Quote Originally Posted by Clavaat View Post
The game had been picked apart to the point where everyone knew what was useful and what wasn't. Experiments had been made, numbers crunched, and people found what the most efficient ways of playing were, and you basically stuck to it. FFXIV is the exact same way in that regard. The system in FFXI was not complex, and the bosses did not reflect any deeper understanding of the game, either.



This is just asinine of you to say. Mathematically incapable of hardcore...wow.
Quote Originally Posted by Pandastirfry View Post
And yet again your example is BAD. the complexity you're trying to trumpet didn't exist in XI either, there were just as many if not more "Optimal Setups" (we all remember LolDRG) and everything was brought down to the same X DPS, X HPS, keep out of the bad. all XI had was more ability bloat (How many BRD songs were actually useful? 4? 2 if you counted Mage Ballads 1 and 2 as just the same song?) and more redundant classes. Long story short, show me a game where your "math" works, and I'll let it go, but XI sure as heck wasn't it and that's all you've used as an example. Heck even Eve Onlines oft touted "Hardcore"ness can be boiled down to its nature of being "World of Spreadsheets" and punishing Open World PvP environment.

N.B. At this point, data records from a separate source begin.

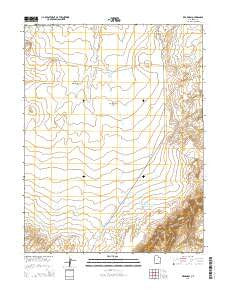 Keg Knoll Utah Current topographic map, 1:24000 scale, 7.5 X 7.5 Minute, Year 2014
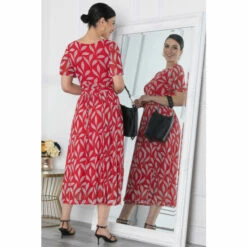 Jolie Moi Red Giana Mesh Maxi Dress -Jolie Moi Shop unnamed file 138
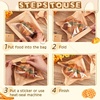 image:imageOutus 400 Pcs Cookie Packaging Bags with Seal 71 x 75 Inch Bakery Pastry Bags with Window Heat Sealable Grease Resistant Paper to Go Bake Sleeves for Gift Giving Donut Bread Sandwich BrownBrown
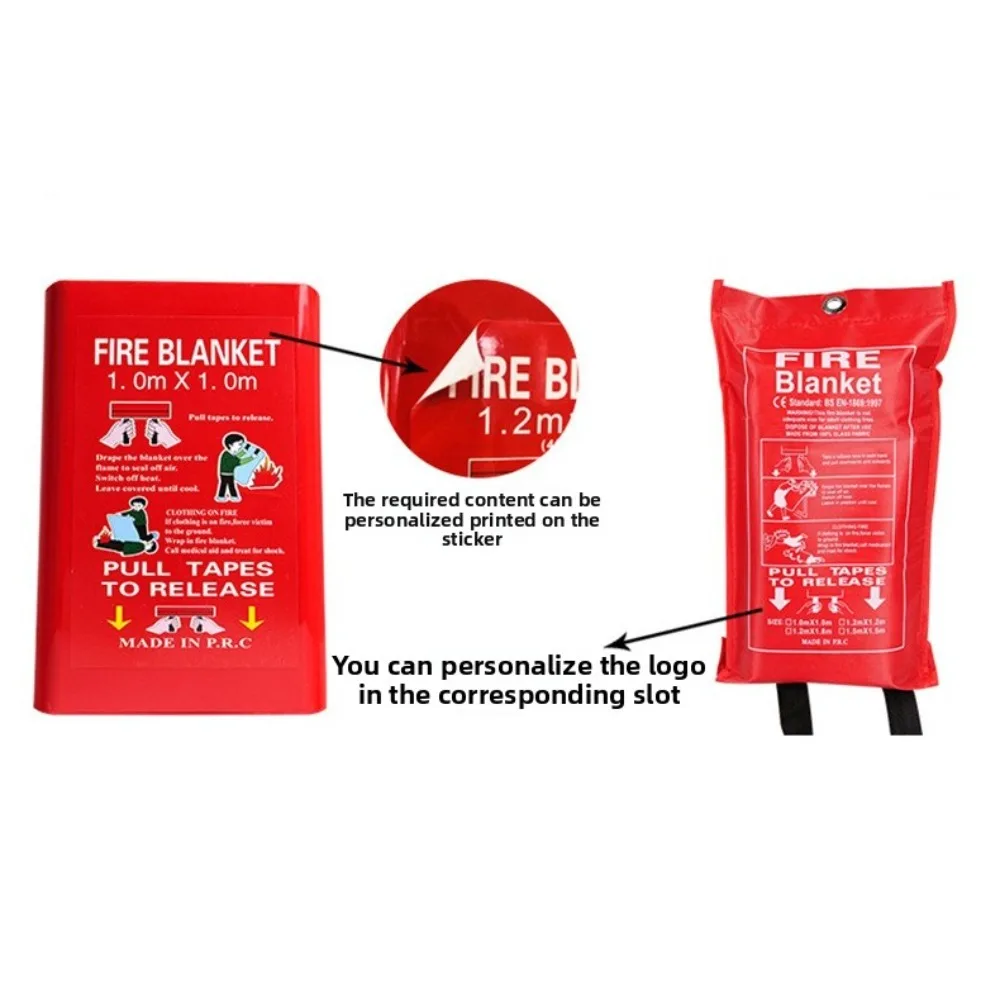 بطانية حريق منزلية: قماش مقاوم للحريق من الألياف الزجاجية/السيليكون القياسي الوطني، إنقاذ الطوارئ، بيع بالجملة وقابل للتخصيص #6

let me simplify it further for both of you:

- pool that contains a certain number of gameplay mechanics > the developers choose what to use from this pool in their battles design (so a subset of what is available) (the larger the number of mechanics available in the pool the more complex these battles can be) > the players grind it and choose what is most effective among what the developers used in their pool (a subset of the developers subset).

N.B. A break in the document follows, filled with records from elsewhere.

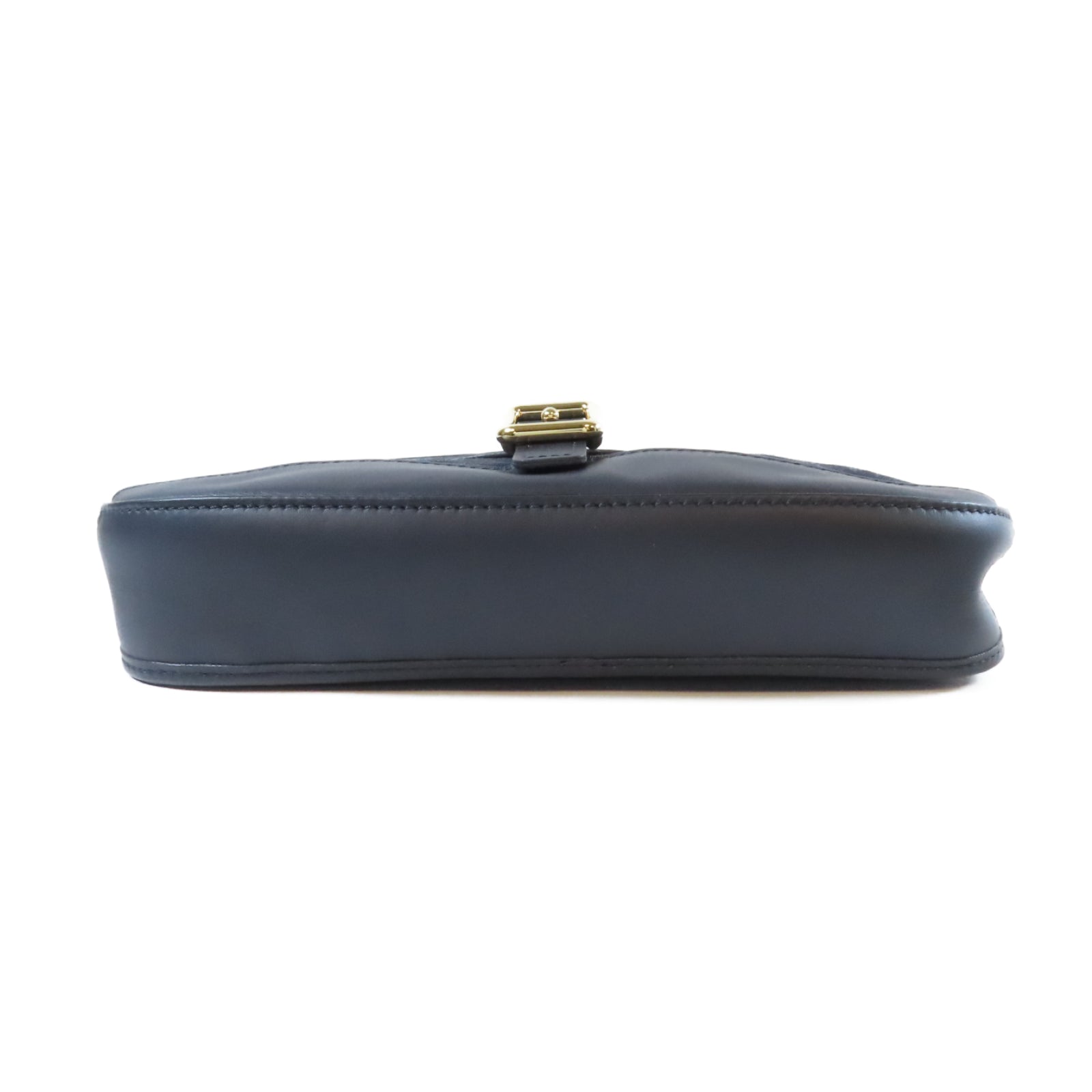 LOUIS VUITTON Monogram Mini Marjorie金扣肩背袋藍色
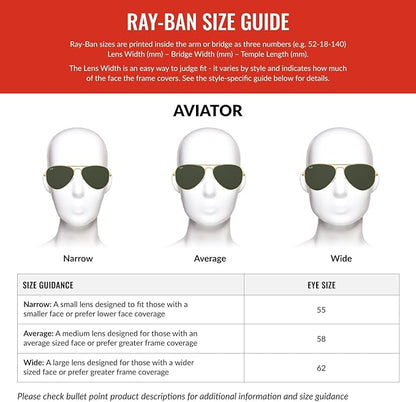 Ray-Ban RB3025 Classic Aviator Sunglasses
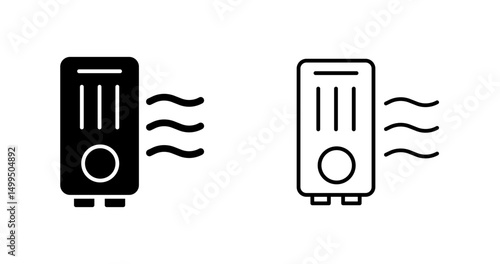 Portable Air Purifier Vector Icon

as a result the developers can reuse this subset or another subset or mix and match from that larger pool. The players know for a fact that they could get more gameplay mechanics than what they got in these battles they cleared and the developers can actually deliver that because the base gameplay mechanics pool had much more to be used.

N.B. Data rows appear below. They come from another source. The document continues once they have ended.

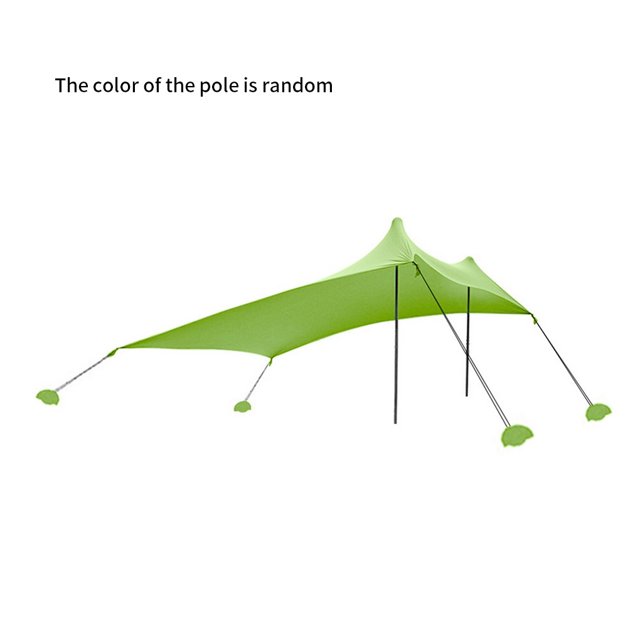 Sonducket Sombrilla de playa familiar, carpa ligera para sombra de sol, carpa portátil para exteriores, impermeable, plegable, para acampar, Color de carpas verde Sonducket OD001750-03B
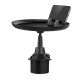 Adjustable 360 Degree Rotation Car Cup Holder Tray
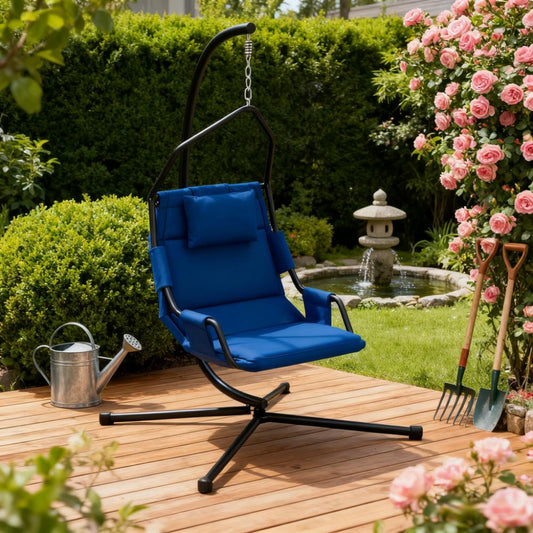 Hanging Swing Chair With Steel Frame,Hammock Chair With Stand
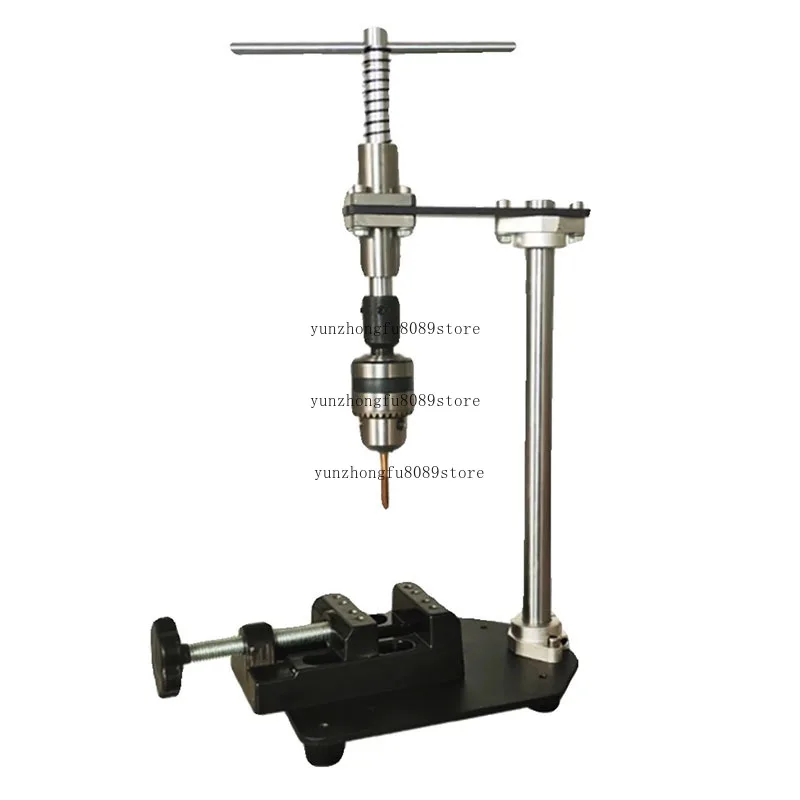 Manual Vertical Tapping Machine Tapping Small Handheld Adjustable Tap Wrench Desktop Wrench Extended Ratchet Rocking Probe Arm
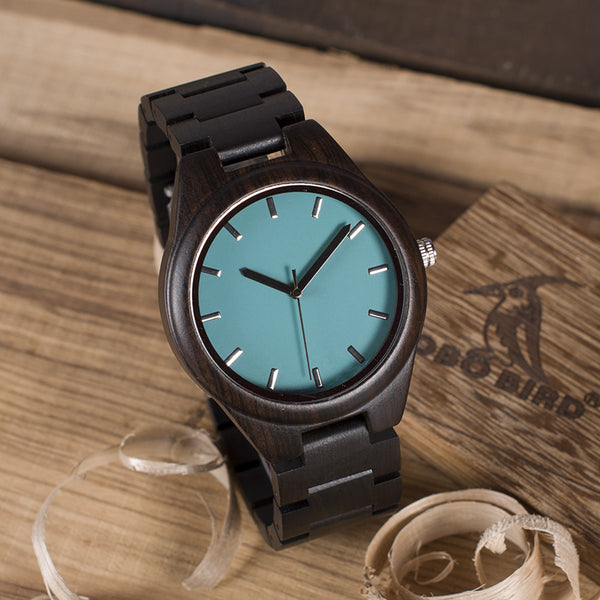 TOP Brand Men's Watches BOBO BIRD Handmade Wooden Strap Luxury Japan Movement Quartz Watches Clock Relogio Masculino C-I21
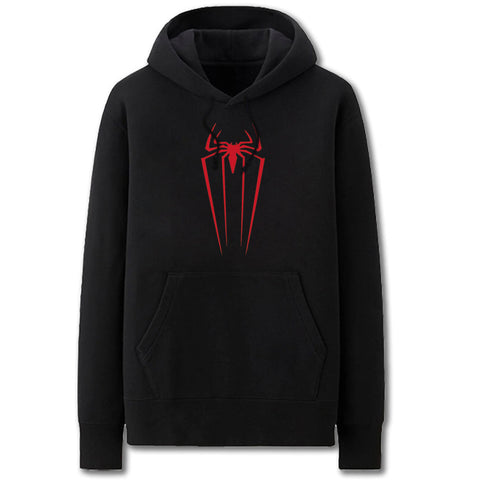 Image of Spider-Man Hoodies - Solid Color The Amazing Spider-Man Logo Fleece Hoodie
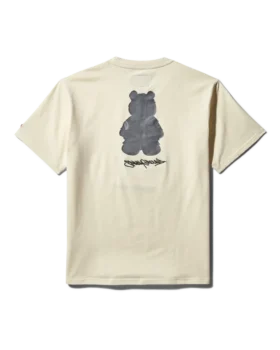 CAMISETA DE MANGA CORTA CON DISEÑO DE MONEY BEAR (ALBARICOQUE)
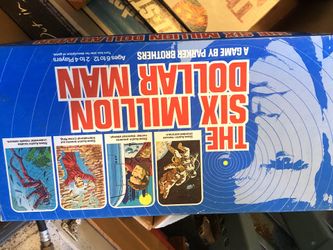 Board game bionic woman and six million dollar man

*simple but not accurate indication is to calculate the combinations possible of said base pool.

-smaller pool that contains a certain number of gameplay mechanics > the developers choose what to use from this pool in their battles design (so a subset of what is available OR the whole thing if its a shallow pool) > the players grind it and choose what is most effective among what the developers used in their pool (a subset of the developers subset).
as a result the developers has less options in their pool left for the future. The players know for a fact that they could not get more gameplay mechanics than what they got because that's all there is in the base pool and the developers can only shuffle what they already done in term of gameplay mechanics for the new content because that is all what they have.
*simple but not accurate indication is to calculate the combinations possible of said base pool and you will find that you mathematically have less options and thus shallower battles.